===== Data for review =====

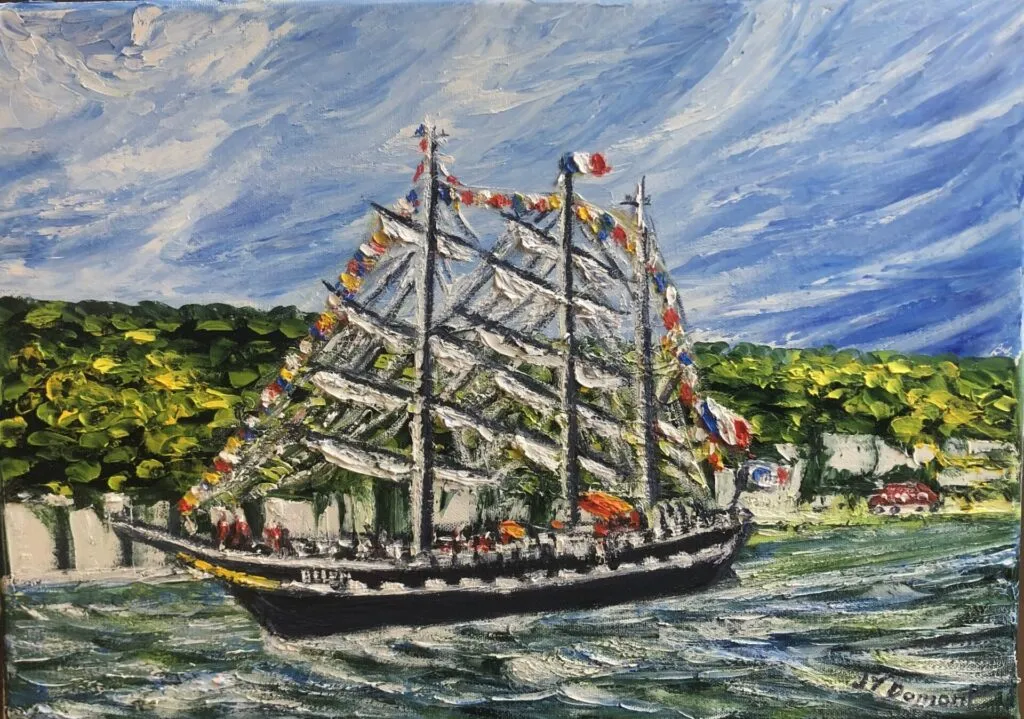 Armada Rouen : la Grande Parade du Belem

=====
===== Data for review =====

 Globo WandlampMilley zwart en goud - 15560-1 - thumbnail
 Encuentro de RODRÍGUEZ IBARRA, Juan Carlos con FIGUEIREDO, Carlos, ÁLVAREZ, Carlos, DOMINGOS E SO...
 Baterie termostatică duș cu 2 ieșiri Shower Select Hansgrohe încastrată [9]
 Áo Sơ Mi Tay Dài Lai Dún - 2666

=====

Assigned task >>
Reproduce exactly the lines of the records above from the one with "Baterie termostatică duș" to the one with "Áo Sơ Mi Tay Dài Lai Dún - 2666", both included, and leave out everything else.

Task result >>
 Baterie termostatică duș cu 2 ieșiri Shower Select Hansgrohe încastrată [9]
 Áo Sơ Mi Tay Dài Lai Dún - 2666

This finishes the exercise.